After covering a big Apple event, I usually feel similarly to how I feel after a drunk brunch: tired but pleasantly buzzed.
But on Monday, following the Apple Watch presentation in San Francisco from across the country, I felt something different: a sense of dread that I couldn’t quite explain.
Many tech industry observers smarter than myself have already weighed in on the initial shortcomings of Apple’s line of smartwatches: It doesn’t have a standout application to be fully differentiated from the iPhone. The watch is surprisingly confusing to set up and use. The battery life and pricetags are lol-worthy.
And it’s unclear exactly why the device needs to exist, other than for the sake of giving Apple’s disembodied voice/top designer Jony Ive a project to stay engaged — and, of course, providing more incentives to buy an iPhone. Lest we forget Apple is an iPhone company first and foremost.
All of that might be true, or these might be the kind of knee-jerk reactions that some clever blogger collects in five years under the headline: “10 Tech reporters who stupidly thought the Apple Watch would be a flop.” I tend to be of the mindset that the Apple Watch is very much flawed, but that doesn’t necessarily matter: Apple launched the original iPhone without the App Store and at the wrong price, but it still took off.
Apple can launch a flawed hardware product and still sell millions. Tens of millions. It will iterate and improve on the obvious flaws, then sell millions more. Will the Apple Watch ever rival the iPhone in units sold? Probably not. But will millions and millions of people buy it, flaws and all? Yep. And that’s where my anxiety kicks in.
The promise of the Apple Watch, like any smartwatch or fitness band, is that it can help us lead healthier and more productive lives. The Apple Watch shows some promise with the former: It measures your steps and calories burned (though you can already do this with an iPhone) and tells you when you should get out of your chair (other apps do this too.)

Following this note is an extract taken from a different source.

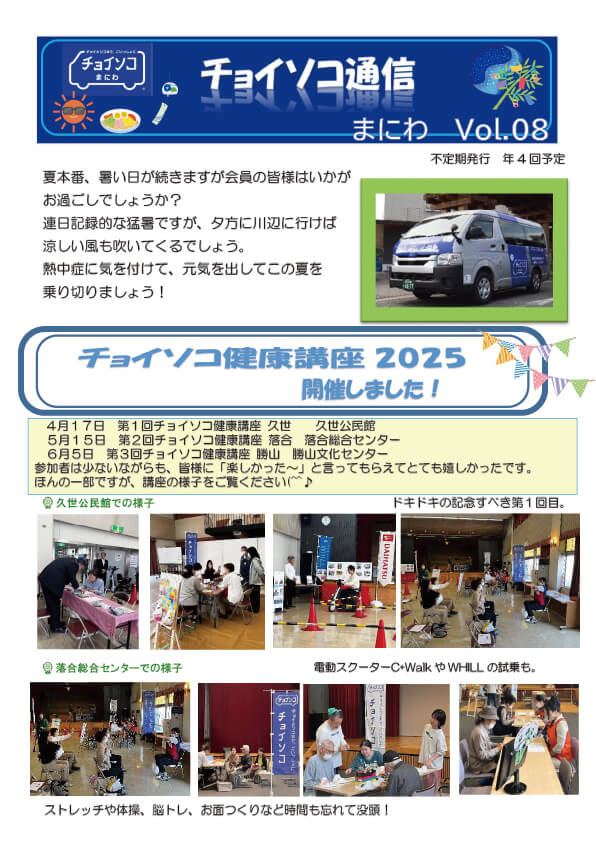 チョイソコ通信 Vol08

It’s the productivity side, I realized after a few hours of thinking, that makes me sweat. I recalled one paragraph in particular that writer Tim Wu published last month in The New Yorker discussing the downside of “convenience technology” like the smartphone:
Our technologies may have made us prosthetic gods, yet they have somehow failed to deliver on the central promise of free time. The problem is that, as every individual task becomes easier, we demand much more of both ourselves and others. Instead of fewer difficult tasks (writing several long letters) we are left with a larger volume of small tasks (writing hundreds of emails). We have become plagued by a tyranny of tiny tasks, individually simple but collectively oppressive. And, when every task in life is easy, there remains just one profession left: multitasking.
The “tyranny of tiny tasks,” as Wu called it, may only get more tyrannical if the Apple Watch draws in more developers and users, pushing the smartwatch beyond the early adopter community. Computers shifted us from writing occasional time-consuming letters to writing a mounting number of emails. Smartphones allowed us to fire off an exponentially larger number of emails as well as quicker messages through other applications.
The Apple Watch has the potential to atomize communication between friends and colleagues even more, simplifying each individual response for the smaller screen, yet ultimately adding to the number of tiny tasks in any given day.
The key phrase Apple uses in describing communication on the watch is “quick.” You’ll be able to quickly communicate with others using sketches, emojis, stock phrases, heartbeats, voice and more. Those quick actions may only multiply to create additional quick actions. When necessary, the watch supposedly makes it easy to shift to a phone call or a proper email on your phone.
On Tuesday, I half-jokingly tweeted my fear that Slack, a popular workplace communication tool, would build an app for the watch that notifies you of messages from colleagues, effectively handcuffing us to our jobs at all hours of the day. Then I realized my mistake: Slack isn’t considering releasing an app for the watch; it already has one.
Slack (just barely) makes the watch launch ad. Lower left. pic.twitter.com/3dRVzmDNCY
— Stewart Butterfield (@stewart) March 9, 2015
Slack isn’t the first or only workplace tool on the watch. At launch, Apple is highlighting an app from Salesforce, which “gives you a quick snapshot of your business analytics, such as the top 10 sales opportunities for your company or for a particular division.”
“Did you get that report I sent you? You sure? Did you check your wrist?”
If you thought it was difficult to come up with a decent excuse for a late response to an email while carrying a smartphone, just wait until the messages are sitting squarely on your wrist. The expectations will increase all over again.
Productivity and convenience come with tradeoffs, like anything else. More small tasks. Less “unplugged” time. An erosion of the boundaries between us and our peers. Many may conclude these are tradeoffs worth making, but everyone should at least take a moment to consider the tradeoffs before rushing headlong for the next shiny new Apple product.
During his presentation for the Apple Watch, CEO Tim Cook showed off its ability to make phone calls and then said, “I’ve been wanting to do this since I was 5 years old.” He said it with such earnestness that you really had to believe it was his dream, perhaps inspired by pop culture years ago. When I saw his presentation though, I couldn’t help but think it looked more like a nightmare.